I have several friends who are like you, and at least one who is an extremely avid runner who refuses to lay cardio aside even for a few weeks to pursue lifting, even though he has said he wants to be stronger. Again, I too was once like this: the first time I got injured, my anxiety went through the roof because I had pinned my exercise regimen — and by extension my body image and therefore my very self-worth — on running. I had no recourse, and I was afraid of what would happen to me, mostly physically, if I could not run. My relationship with running was not healthy. The answer to that whole mess was not “stop running,” nor really is it for anyone, but it does again involve untangling some things from some other things.

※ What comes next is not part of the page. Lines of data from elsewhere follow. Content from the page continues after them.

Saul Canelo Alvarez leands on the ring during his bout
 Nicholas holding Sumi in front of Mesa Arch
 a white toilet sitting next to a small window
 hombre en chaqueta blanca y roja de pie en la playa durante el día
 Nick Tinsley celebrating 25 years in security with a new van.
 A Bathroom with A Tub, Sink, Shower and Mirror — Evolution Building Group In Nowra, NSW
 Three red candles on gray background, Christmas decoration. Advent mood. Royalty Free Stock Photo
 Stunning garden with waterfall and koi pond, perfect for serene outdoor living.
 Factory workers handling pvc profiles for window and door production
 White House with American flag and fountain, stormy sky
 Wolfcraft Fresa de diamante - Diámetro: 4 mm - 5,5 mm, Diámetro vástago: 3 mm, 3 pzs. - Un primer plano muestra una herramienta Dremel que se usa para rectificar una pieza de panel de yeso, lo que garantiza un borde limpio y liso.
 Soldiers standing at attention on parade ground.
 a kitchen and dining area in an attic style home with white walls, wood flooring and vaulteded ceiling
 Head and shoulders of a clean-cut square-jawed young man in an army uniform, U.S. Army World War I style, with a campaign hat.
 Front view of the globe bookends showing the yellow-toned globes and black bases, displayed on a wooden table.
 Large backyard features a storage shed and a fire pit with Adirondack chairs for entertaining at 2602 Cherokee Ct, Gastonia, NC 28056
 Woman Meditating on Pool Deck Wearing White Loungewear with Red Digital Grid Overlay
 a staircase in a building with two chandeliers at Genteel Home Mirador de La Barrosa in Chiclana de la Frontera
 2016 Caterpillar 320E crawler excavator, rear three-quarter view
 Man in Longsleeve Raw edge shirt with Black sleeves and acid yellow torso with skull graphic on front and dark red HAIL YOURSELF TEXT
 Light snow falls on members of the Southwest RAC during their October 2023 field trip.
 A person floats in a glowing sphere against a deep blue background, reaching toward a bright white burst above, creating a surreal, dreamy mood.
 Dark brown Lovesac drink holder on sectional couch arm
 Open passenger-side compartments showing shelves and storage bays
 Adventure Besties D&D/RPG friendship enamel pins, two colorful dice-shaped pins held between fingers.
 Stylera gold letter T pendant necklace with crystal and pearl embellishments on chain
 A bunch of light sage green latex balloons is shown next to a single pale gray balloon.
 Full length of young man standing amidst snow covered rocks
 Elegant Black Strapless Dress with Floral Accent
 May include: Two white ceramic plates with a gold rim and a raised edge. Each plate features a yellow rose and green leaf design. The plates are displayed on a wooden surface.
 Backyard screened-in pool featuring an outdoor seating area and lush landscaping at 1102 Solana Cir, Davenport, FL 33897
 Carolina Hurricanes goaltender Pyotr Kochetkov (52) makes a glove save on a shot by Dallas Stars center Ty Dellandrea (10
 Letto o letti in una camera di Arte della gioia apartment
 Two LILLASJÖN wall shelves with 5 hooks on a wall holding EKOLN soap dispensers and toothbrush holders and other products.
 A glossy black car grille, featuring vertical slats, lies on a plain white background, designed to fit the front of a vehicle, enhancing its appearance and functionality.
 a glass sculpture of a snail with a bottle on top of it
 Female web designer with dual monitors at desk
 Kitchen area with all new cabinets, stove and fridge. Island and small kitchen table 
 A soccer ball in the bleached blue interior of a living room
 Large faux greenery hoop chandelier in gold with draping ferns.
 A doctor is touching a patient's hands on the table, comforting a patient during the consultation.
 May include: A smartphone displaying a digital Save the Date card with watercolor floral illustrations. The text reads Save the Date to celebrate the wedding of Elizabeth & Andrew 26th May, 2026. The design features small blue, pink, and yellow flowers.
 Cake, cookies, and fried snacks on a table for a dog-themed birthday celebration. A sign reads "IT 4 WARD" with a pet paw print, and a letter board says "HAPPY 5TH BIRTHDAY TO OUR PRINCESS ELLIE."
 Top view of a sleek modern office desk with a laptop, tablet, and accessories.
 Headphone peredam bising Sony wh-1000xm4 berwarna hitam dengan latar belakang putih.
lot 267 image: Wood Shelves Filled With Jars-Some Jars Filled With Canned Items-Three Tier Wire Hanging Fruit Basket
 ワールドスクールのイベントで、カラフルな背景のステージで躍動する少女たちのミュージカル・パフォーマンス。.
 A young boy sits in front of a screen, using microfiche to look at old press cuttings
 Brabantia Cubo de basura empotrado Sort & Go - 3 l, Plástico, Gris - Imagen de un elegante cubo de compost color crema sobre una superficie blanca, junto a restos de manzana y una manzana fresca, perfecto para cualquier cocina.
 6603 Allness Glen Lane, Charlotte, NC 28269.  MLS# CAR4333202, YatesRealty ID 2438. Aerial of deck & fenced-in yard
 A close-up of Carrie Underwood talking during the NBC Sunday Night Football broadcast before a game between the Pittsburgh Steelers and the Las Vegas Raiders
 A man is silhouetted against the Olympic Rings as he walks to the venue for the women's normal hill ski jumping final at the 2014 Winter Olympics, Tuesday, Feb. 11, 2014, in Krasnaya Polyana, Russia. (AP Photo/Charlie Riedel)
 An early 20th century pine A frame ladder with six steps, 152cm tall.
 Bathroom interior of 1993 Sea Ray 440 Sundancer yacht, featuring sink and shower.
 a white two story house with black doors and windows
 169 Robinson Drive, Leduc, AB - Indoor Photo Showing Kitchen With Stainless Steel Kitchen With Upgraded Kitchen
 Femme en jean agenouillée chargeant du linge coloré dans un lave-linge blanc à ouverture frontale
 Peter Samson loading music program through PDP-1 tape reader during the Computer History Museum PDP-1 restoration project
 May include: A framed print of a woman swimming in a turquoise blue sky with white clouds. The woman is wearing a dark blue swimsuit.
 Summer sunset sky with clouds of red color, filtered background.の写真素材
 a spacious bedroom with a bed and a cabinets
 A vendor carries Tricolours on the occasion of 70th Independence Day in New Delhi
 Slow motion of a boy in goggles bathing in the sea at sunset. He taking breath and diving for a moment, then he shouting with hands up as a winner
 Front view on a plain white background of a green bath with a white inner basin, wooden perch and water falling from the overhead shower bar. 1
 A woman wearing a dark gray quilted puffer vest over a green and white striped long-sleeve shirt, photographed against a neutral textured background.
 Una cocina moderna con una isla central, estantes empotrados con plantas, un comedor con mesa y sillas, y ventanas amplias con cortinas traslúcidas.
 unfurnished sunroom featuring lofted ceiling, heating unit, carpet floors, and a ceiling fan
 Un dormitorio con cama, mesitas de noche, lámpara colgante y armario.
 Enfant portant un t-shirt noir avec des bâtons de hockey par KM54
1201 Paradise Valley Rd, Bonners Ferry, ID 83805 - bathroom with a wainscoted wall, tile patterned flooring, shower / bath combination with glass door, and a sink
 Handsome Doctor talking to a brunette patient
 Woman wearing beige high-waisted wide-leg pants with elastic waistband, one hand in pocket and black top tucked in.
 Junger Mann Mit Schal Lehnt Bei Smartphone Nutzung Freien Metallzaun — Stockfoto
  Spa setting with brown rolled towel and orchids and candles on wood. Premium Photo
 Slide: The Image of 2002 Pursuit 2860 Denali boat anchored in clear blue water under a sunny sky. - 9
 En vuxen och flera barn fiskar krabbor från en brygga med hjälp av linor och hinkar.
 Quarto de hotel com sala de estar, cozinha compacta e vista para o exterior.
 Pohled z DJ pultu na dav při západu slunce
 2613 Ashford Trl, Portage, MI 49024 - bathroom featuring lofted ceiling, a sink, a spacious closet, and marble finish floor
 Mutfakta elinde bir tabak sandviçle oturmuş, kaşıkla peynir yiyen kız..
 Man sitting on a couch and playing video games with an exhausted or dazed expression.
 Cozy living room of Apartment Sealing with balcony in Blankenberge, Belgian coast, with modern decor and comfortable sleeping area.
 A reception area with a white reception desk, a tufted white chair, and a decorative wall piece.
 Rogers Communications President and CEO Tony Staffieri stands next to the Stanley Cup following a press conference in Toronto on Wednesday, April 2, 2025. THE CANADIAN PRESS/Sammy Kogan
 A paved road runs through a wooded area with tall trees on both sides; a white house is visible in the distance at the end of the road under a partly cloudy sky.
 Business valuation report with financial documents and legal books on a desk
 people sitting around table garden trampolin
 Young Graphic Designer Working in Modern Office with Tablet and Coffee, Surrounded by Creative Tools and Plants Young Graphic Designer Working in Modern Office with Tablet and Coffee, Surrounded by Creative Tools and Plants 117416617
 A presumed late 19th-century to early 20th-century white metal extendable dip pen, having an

Now, I do love lifting, and I would be very sad to not be able to do it, but I also don’t do it at least a couple of months a year, at all, and there are a few other months where I lift less to maintain muscle while shedding a little fat from bulking. During that time, I do some cardio! I think a lot about never being able to never do any exercise ever again, and I know that day is Out There, when maybe all I’ll be able to do is walk or roll around in my wheelchair a little, or like, sit up. That gives me chills, and it makes me think otherwise physically able people are nuts to not take advantage of being able to move around now. But getting into lifting has also made me realize that exercise is not about the pursuit of thinness or low weight or calories burned.
Even the world’s best athletes do not do their sport all of the time, week in and week out. I’ve been watching the Instagram stories of Mattie Rogers, who is an elite Olympic weightlifter, and she hasn’t lifted in like a month. Just yesterday she story’d that she’d been cleared by her trainer to squat — but only 100 pounds, which is extremely light for someone like her. Sometimes they’re injured and taking time to rehab, but usually they’re just taking time off to rest or cross-train or hike and surf after intense training cycles. Doing the same thing all the time at the intensity required to, say, maintain your half-marathon time and distance all of the time, yields injuries and burnout. You can’t wake Simone Biles and Kerri Walsh in the middle of the night any day of the year and expect Olympic performance. They are probably still lying on beaches right now. It is not fitness to push yourself to the max constantly with no end in sight.
It would be really good for you to take some time off from your normal workout, or at least scale it back, and try something else, if you’ve been into it for a while. I’m not telling you to give up cardio (even though I think you should be open to that possibility : — ) ), or even to stop it entirely. But if you want to build strength, devoting real time and attention to it will not only yield the best results, but it will be healthy for you to see that you can leave aside your current preferred method of training, come back to it, and regain your competency at it, and maybe even do it better once you’re stronger.